EXERCISE DETAILS ▸
Look below for the line that has "Cosa fa bene all'anima libro"; output exactly from it through the line that has "All I Want For", and leave the pictures out.

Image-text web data
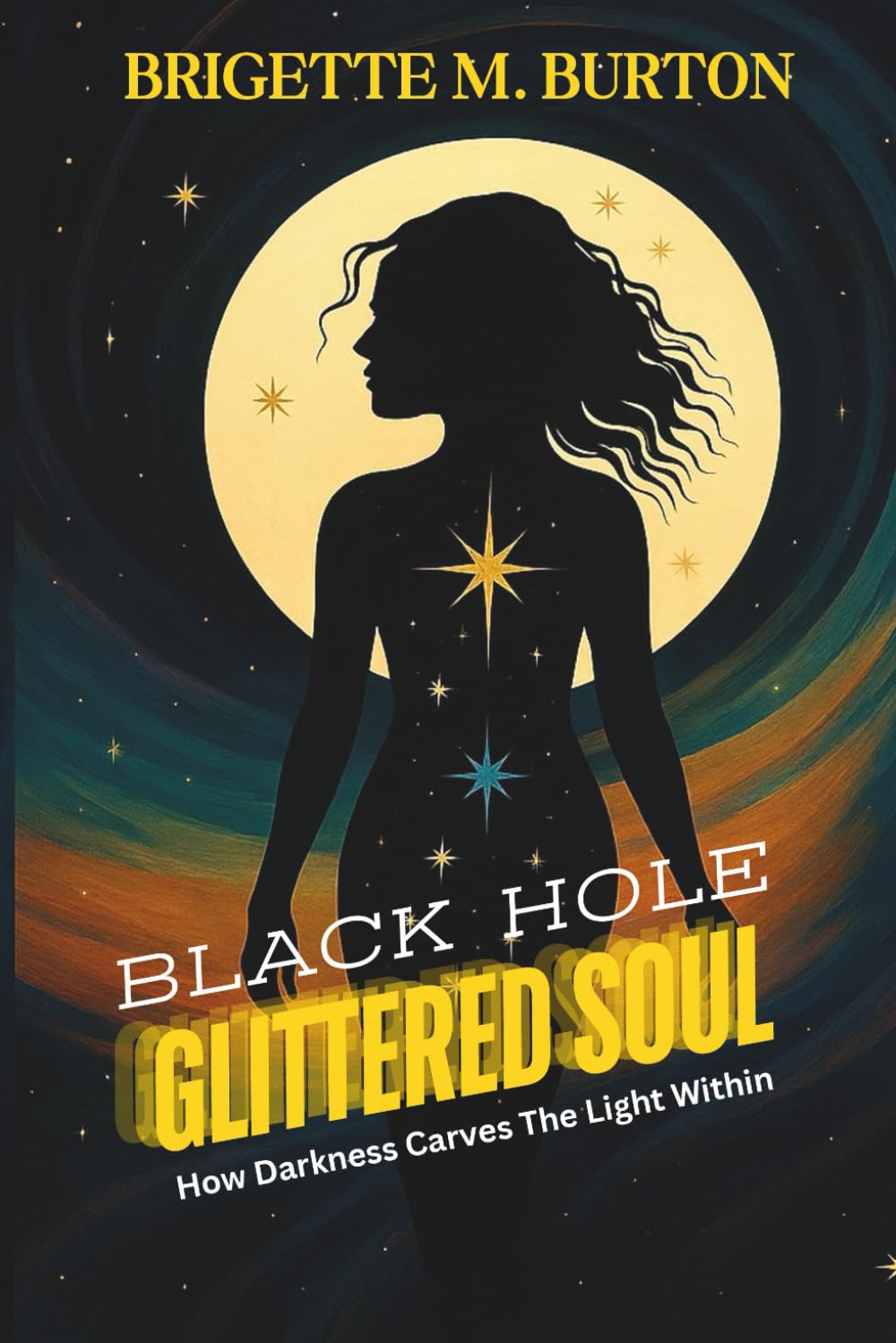 BLACK HOLE GLITTERED SOUL: How Darkness Carves The Light Within
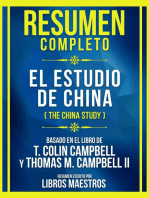 Resumen Completo - El Estudio De China (The China Study) - Basado En El Libro De T. Colin Campbell Y Thomas M. Campbell Ii: (Edicion Extendida)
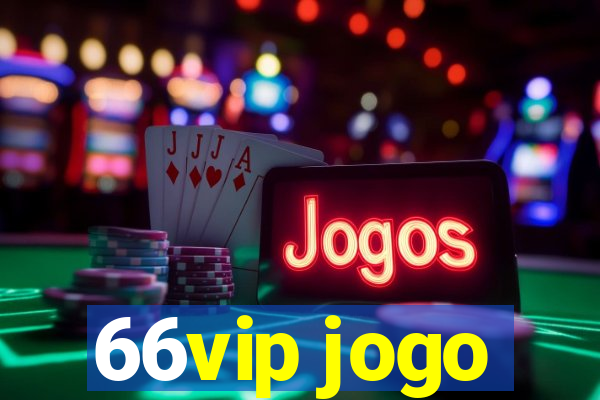 66vip jogo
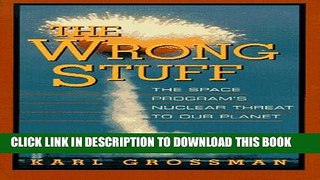 [PDF] Wrong Stuff: The Space Program s Nuclear Threat to Our Planet Full Colection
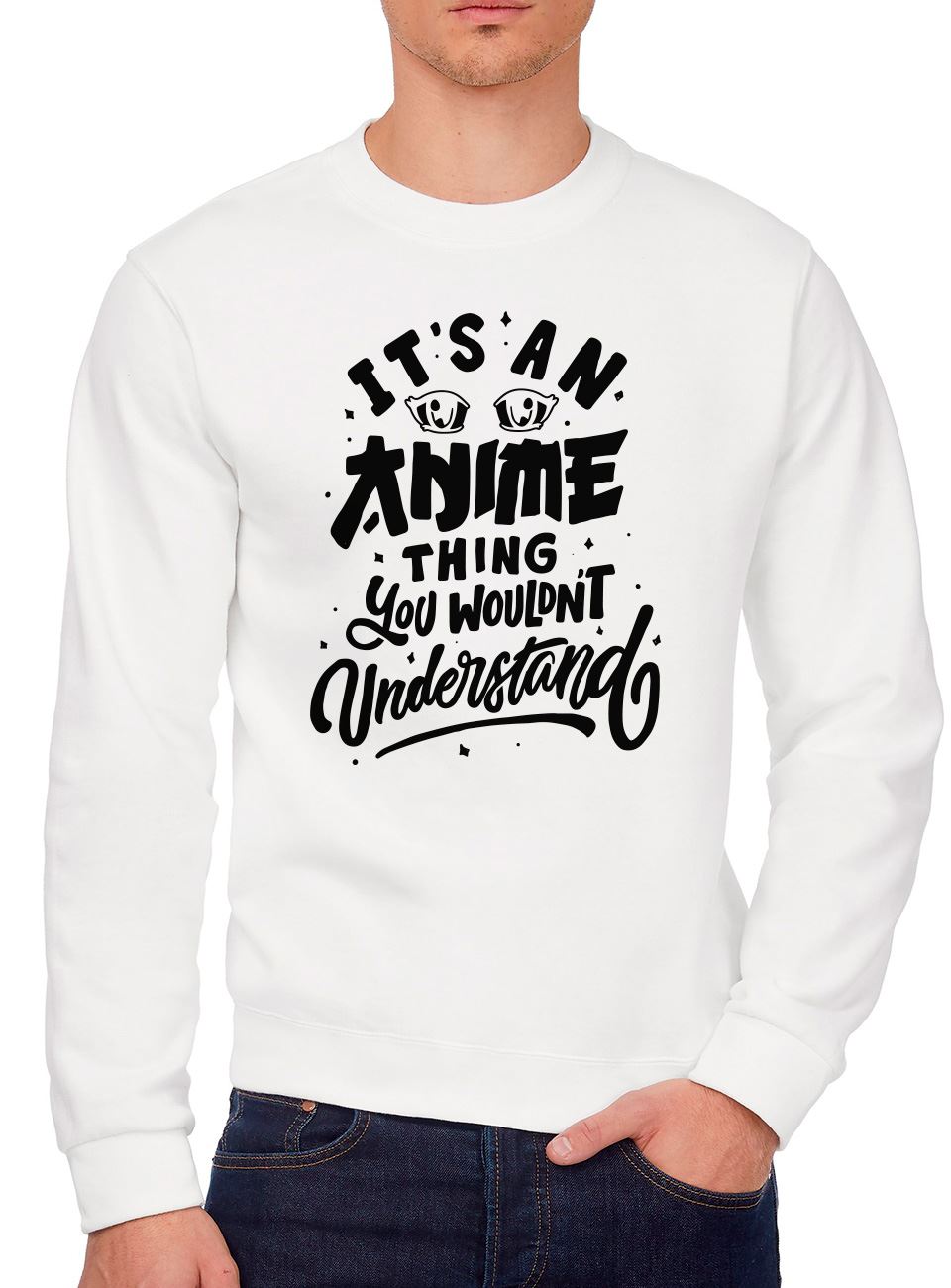 It's an Anime Thing You Wouldn't Understand - Youth & Mens Sweatshirt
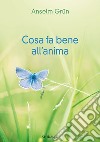 Cosa fa bene all'anima libro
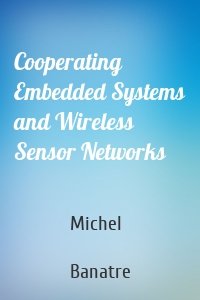 Cooperating Embedded Systems and Wireless Sensor Networks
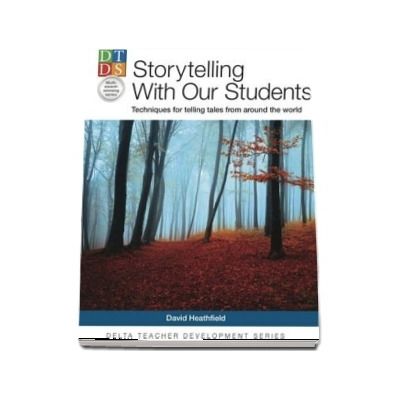 Storytelling With Our Students : Techniques for telling tales from around the world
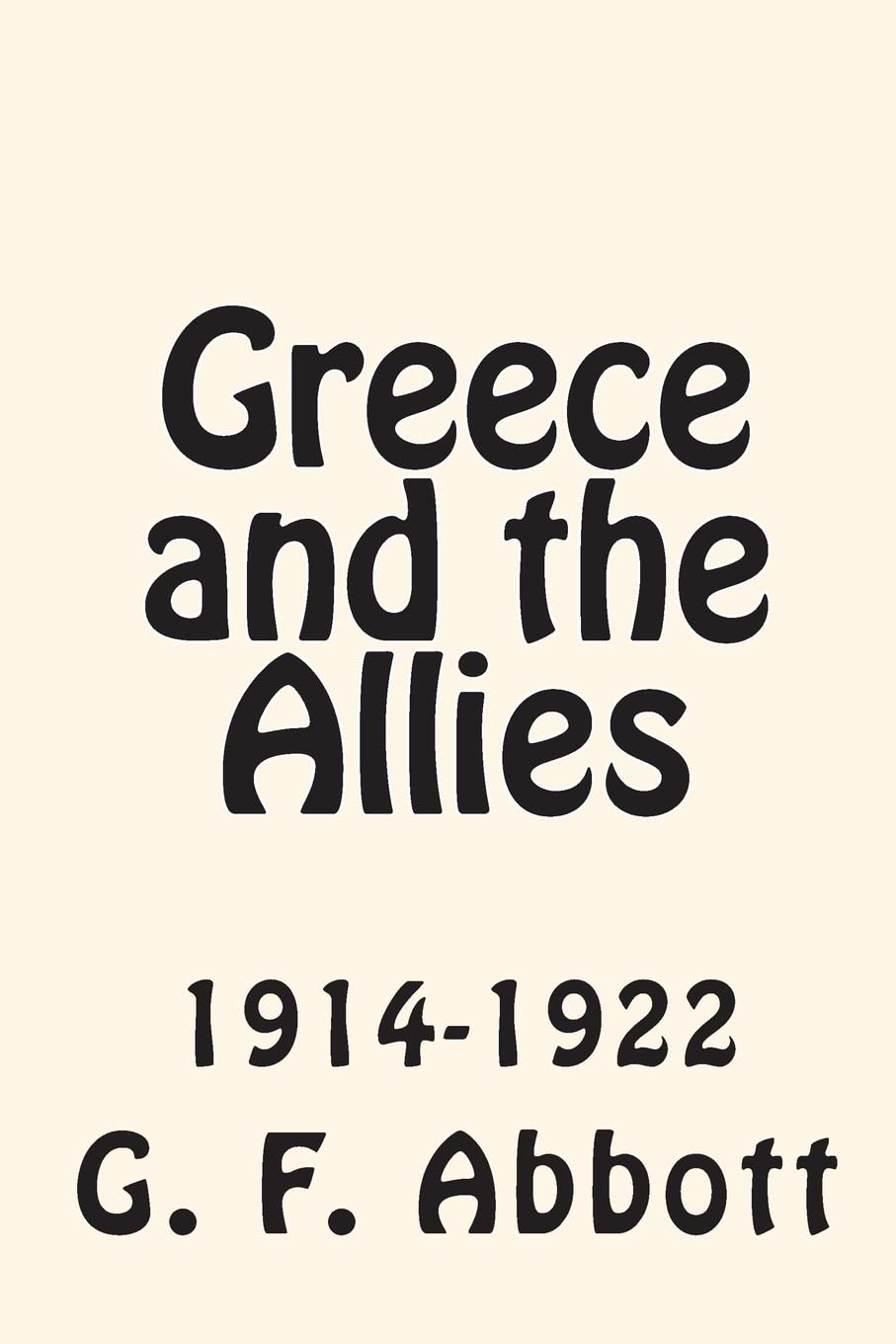 Greece and the Allies 1914-1922 Politics & History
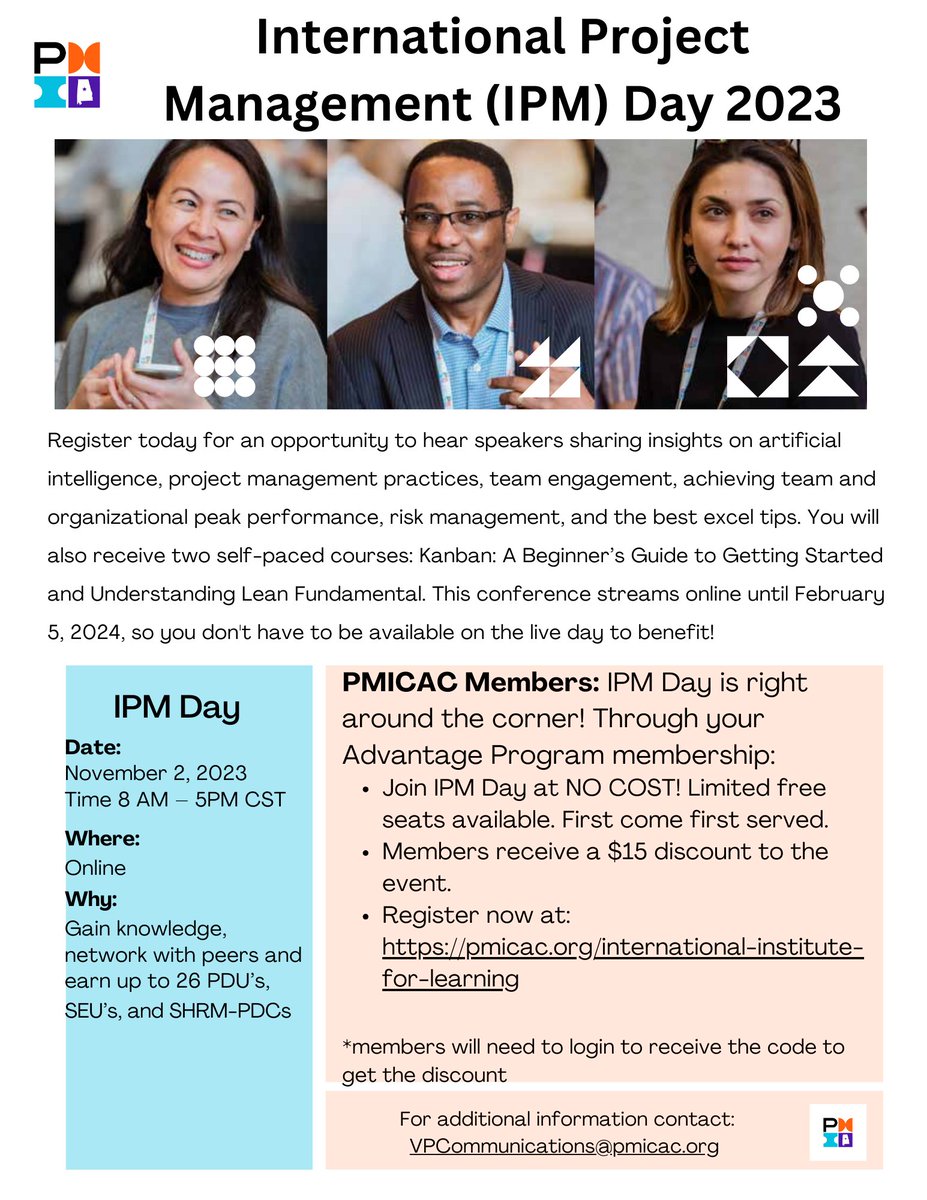 International PM Online Conference is scheduled for 11/2/23. PMICAC is offering registration  at a discounted cost to members! Limited free seats available. First come first served. You can earn up to 26 PDUs!
 
You can also register for IPM Day 2023 at: iil.com/pmicac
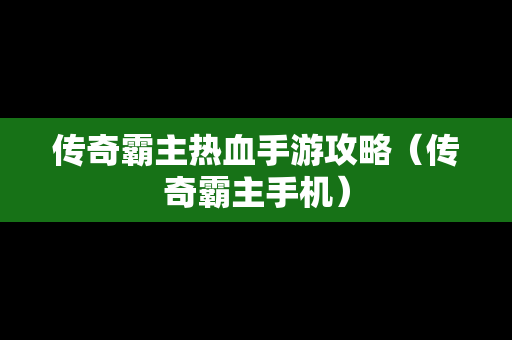 传奇霸主热血手游攻略（传奇霸主手机）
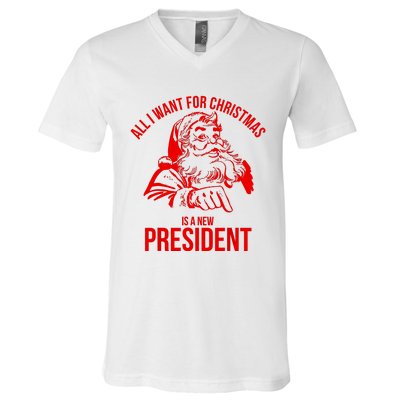 All I Want For Christmas Is A New President Funny Santa Xmas V-Neck T-Shirt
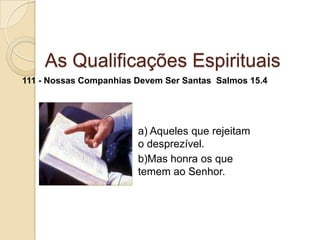 As Qualificações Espirituais111 - Nossas Companhias Devem Ser Santas  Salmos 15.4a) Aqueles que rejeitam o desprezível.b)Mas honra os que temem ao Senhor.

COMPLETED TASK ▸
 Cosa fa bene all'anima libro
 Cooperating Embedded Systems and Wireless Sensor Networks
 Storytelling With Our Students : Techniques for telling tales from around the world
 Greece and the Allies 1914-1922 Politics & History
 International PM Online Conference is scheduled for 11/2/23. PMICAC is offering registration  at a discounted cost to members! Limited free seats available. First come first served. You can earn up to 26 PDUs!
 
You can also register for IPM Day 2023 at: iil.com/pmicac
 传奇霸主热血手游攻略（传奇霸主手机）
 All I Want For Christmas Is A New President Funny Santa Xmas V-Neck T-Shirt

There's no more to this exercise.